そういえば、ダルやワクは折りあるごとに、「自分は日本の野球を盛り上げたい」という言葉を口にします。
彼らが2004年にプロに指名されたこととその言葉は、深いところでつながっているように感じます。
タロットカードには<運命の輪>というカードがあって、<幸運、転機、向上>を意味するそうです。
危機をバネに飛躍した素晴らしい選手たちと、ファンが詰めかけるようになった球場…2004年、きっとパ・リーグは<運命の輪>のカードをひいたに違いありません。
…などと、
野球中継を聞きながら、そんなことをあれこれ考えていると、ラジオからある曲が流れてきました。
文化放送ライオンズナイターは、交通情報のときにこの曲をBGMで流すんです。
パ・リーグ連盟歌、『白いボールのファンタジー』。
再編問題で明日をも知れなくなってしまったパのチームのファンは、大好きなチームを守ろうと駆けつけた球場で、敵味方関係なくこの曲を歌い、絆と連帯感を強めていったのです。
…ということを、2004年当時の私はまだ知りませんでした。
その前年、ファイターズが東京を捨ててしまうことが決まっていました。周りにパ・リーグファンの仲間もいない中、長いことひとりで球場通いをしていた私は、ちょっと気持ちがくじけていて…。
そこにもってきての2004年。
不用品扱いされるパのチーム。楽しむムードの消えた球場…。
なんだかもう、いろいろなことが寂しくて、その頃は野球から目をそらしていたのです。
『白いボールのファンタジー』*1のことを知ったのは、ずいぶん後になってからでした。

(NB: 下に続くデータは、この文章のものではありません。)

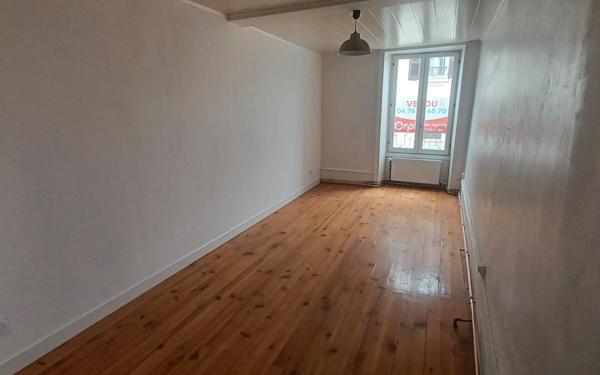 Appartement à vendre    5 pièces • 100,40 m2 Rives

だからこの曲を聞くと、意気地がなかった自分や、諦めなかったファンの健気さや選手の頑張りを思い出して、ちょっと胸がちくちくします。
かわいい、いい曲なんです。
http://pacific.bko.to/fantasy/
(紹介してくださっています。メロディーが聞けます。急に音が出ますのでご注意ください)
すべてが2004年の頃を思い出させる、ささやかなシンクロニシティーが起こった木曜日。
今度はきっと、何があっても目をそらしたりしないよ、とがらにもなく心に誓ったりしたのでした。